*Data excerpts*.
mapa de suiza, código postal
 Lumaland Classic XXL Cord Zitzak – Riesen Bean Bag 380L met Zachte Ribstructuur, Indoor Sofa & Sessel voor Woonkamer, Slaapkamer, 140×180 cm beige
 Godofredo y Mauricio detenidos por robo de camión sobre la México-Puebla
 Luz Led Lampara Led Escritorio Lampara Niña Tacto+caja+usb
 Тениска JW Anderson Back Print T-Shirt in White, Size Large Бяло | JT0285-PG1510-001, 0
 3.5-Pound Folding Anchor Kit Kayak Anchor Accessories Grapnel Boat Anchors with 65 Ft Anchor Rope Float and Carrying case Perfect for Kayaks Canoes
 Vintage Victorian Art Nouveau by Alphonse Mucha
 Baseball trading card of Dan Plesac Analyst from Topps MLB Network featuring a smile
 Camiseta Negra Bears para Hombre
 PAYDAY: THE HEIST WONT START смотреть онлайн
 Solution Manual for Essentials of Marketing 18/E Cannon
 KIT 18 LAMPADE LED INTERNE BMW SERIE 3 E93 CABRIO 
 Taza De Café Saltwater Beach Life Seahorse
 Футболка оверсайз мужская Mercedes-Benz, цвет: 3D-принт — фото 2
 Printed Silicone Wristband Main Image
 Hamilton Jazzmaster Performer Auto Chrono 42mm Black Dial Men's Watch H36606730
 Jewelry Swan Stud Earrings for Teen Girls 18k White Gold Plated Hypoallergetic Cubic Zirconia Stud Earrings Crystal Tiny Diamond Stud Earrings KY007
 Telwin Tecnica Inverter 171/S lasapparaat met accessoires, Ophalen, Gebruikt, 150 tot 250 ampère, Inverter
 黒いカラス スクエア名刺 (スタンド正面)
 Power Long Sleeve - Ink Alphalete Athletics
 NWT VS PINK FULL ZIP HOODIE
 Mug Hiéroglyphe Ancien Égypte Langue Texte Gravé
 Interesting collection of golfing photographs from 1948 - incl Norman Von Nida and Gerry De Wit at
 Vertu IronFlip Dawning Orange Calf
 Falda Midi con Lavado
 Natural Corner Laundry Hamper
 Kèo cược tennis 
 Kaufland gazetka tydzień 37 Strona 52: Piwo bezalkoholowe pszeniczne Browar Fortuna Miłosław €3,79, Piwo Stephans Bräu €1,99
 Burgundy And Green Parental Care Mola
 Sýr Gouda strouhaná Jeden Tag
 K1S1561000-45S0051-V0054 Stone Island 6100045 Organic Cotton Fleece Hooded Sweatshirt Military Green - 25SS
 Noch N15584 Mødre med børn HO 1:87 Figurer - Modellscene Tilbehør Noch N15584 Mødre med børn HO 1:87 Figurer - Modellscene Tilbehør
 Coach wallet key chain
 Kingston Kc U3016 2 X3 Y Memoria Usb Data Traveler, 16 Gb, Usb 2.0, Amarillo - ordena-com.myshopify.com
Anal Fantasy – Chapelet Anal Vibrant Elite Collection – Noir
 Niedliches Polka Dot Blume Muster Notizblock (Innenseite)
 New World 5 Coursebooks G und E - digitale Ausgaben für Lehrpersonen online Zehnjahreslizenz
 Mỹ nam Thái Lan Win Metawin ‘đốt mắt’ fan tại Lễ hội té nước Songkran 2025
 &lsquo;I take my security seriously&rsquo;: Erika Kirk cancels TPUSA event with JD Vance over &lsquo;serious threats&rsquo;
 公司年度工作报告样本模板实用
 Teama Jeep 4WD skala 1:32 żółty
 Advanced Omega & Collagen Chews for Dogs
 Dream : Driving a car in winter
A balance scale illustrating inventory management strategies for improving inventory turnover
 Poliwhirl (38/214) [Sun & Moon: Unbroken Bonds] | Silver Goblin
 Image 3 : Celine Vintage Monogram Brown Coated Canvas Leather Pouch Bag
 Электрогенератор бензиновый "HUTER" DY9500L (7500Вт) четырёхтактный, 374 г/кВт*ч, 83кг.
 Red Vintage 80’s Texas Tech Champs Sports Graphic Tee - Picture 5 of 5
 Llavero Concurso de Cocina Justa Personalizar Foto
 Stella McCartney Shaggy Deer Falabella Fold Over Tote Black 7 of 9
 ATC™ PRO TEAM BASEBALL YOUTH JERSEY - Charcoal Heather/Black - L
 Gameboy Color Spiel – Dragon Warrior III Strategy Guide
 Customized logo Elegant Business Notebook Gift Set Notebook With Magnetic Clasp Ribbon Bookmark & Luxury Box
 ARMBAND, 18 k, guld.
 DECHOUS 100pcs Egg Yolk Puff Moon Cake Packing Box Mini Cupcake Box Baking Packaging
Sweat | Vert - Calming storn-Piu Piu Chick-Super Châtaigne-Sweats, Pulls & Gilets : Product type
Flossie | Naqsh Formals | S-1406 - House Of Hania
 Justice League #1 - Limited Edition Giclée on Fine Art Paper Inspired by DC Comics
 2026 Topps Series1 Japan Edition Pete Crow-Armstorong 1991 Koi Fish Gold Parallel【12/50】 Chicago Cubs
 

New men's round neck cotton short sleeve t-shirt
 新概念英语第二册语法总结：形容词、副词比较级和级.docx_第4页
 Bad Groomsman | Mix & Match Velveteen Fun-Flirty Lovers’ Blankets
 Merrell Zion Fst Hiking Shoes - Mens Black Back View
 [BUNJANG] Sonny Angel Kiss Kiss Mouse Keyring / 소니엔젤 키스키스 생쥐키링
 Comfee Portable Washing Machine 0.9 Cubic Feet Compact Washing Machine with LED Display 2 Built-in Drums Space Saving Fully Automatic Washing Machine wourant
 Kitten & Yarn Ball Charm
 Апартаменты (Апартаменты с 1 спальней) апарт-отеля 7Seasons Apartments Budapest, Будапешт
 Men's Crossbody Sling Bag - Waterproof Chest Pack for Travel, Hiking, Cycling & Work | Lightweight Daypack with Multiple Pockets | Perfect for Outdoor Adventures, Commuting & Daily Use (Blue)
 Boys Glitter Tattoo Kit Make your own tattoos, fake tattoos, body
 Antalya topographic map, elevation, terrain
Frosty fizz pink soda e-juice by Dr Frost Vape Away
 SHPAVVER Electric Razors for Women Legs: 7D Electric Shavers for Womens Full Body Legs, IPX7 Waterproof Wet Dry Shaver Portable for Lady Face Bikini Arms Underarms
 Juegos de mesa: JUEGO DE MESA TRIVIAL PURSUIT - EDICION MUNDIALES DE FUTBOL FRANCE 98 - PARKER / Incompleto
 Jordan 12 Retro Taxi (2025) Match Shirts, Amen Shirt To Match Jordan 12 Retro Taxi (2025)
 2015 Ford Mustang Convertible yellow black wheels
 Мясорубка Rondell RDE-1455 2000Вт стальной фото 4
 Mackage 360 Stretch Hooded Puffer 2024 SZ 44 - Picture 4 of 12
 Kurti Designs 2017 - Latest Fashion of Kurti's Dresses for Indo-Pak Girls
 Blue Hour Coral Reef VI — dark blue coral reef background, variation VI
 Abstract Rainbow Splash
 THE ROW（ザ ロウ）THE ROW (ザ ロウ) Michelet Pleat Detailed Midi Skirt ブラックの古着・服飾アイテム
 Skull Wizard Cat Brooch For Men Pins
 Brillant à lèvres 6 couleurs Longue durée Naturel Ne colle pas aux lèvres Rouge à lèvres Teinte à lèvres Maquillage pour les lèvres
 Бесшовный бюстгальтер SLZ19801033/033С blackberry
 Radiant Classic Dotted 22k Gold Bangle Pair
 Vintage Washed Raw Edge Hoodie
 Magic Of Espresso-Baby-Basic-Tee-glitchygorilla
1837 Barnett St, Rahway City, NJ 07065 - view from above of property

*Brief*.
Exactly reproduce the lines from the one containing "Kurti Designs 2017" through the end of the records, and only those lines.

*Result for this task*.
 Kurti Designs 2017 - Latest Fashion of Kurti's Dresses for Indo-Pak Girls
 Blue Hour Coral Reef VI — dark blue coral reef background, variation VI
 Abstract Rainbow Splash
 THE ROW（ザ ロウ）THE ROW (ザ ロウ) Michelet Pleat Detailed Midi Skirt ブラックの古着・服飾アイテム
 Skull Wizard Cat Brooch For Men Pins
 Brillant à lèvres 6 couleurs Longue durée Naturel Ne colle pas aux lèvres Rouge à lèvres Teinte à lèvres Maquillage pour les lèvres
 Бесшовный бюстгальтер SLZ19801033/033С blackberry
 Radiant Classic Dotted 22k Gold Bangle Pair
 Vintage Washed Raw Edge Hoodie
 Magic Of Espresso-Baby-Basic-Tee-glitchygorilla
1837 Barnett St, Rahway City, NJ 07065 - view from above of property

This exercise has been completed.